2.3. MATLAB Scripts

Reading Assignment

Please read chapter 2 of Physical Modeling in MATLAB, by Allen B. Downey [DOWNEY11].

  • Scripts are files, with a .m file name extension, containing the same type of commands that one might enter in the Command Window.
  • Scripts allow code to be saved, modified and run repeatedly.
  • Like the Command Window, scripts access variables from the global Workspace.
  • Create a script with the command edit myscript.m or from the Home tab, either New Script, or New -> Script.
  • It is possible to test just one or two lines of code at a time to verify the expected results.
    • Use the mouse to highlight a few lines of code, then press the F9 key on the keyboard to execute just those lines of code.
    • Another way to execute a few lines is to make those lines a section. The percent sign (%) is the beginning of a comment line. Two percent signs and a space character (%%) at the beginning of a line mark a section boundary. Select a section by clicking anywhere in the section and then, in the editor tab ribbon, click on run section.

2.3.1. Displaying Results

As you read about MATLAB, you will quickly notice that sometimes a semicolon (;) is placed at end of commands, but not always.

  • The semicolon suppresses output.
  • If you want to see the result of a calculation, leave off the semicolon. The output will be displayed in the Command Window.
  • If the output would be too much to display on the screen; or you just don’t want to see it, then add a semicolon after the command.
  • Many commands, such as plotting commands, do not produce output on the Command Window, so there is no difference between with or without the semicolon.

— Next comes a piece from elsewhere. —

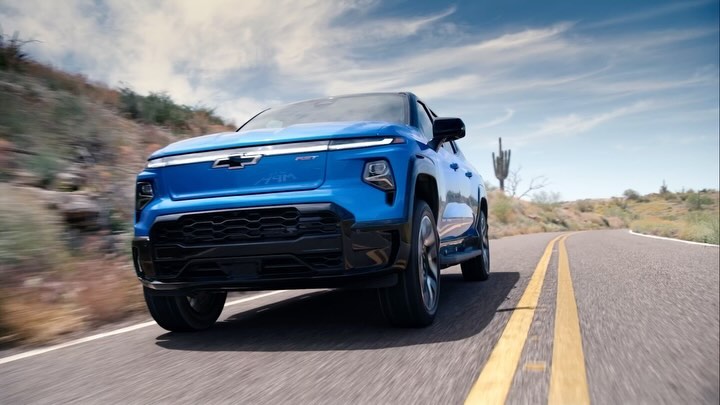 Bright blue Chevrolet Silverado EV driving on a desert road under a sunny sky with light clouds and arid scrub brush landscape.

In the Command Window, just enter a variable name to see its value.

>> b
b =
    5

In a script, you may want to use disp or fprintf to show results.

>> disp(b)
    5

>> fprintf('The value of b = %d\n', b)
The value of b = 5

Read more about it

Look up the function fprintf in the MATLAB documentation.

2.3.2. Adding Sections

The overall structure of the scripts you create can naturally be divided into different sections. This is especially nice for larger files where you may just want to focus on one area, such as adjusting a plot.

Sections allow you to modify and reevaluate the code in just that section to see the impact.

To create a code section, add %% Section Title at the beginning of a line. Note the space character between the second % and the Section Title text.

Tip

A optional window in the IDE called Panel Titles displays the section titles and allows a quick way to move to and select a section.

2.3.3. Comments

A few words of explanation can make it much easier to reuse a program after you have forgotten the details. Adding text descriptions that are not executed, called comments, allows you to explain the functionality of your code.

Text following a percent sign, %, is a comment. A comment is not executed in the code file. Comments can appear on lines by themselves, or they can be appended to the end of a line.

The first contiguous block of comments is reserved for help information which is displayed when you use the help or doc commands. Comments after the first blank line are not treated as part of the help.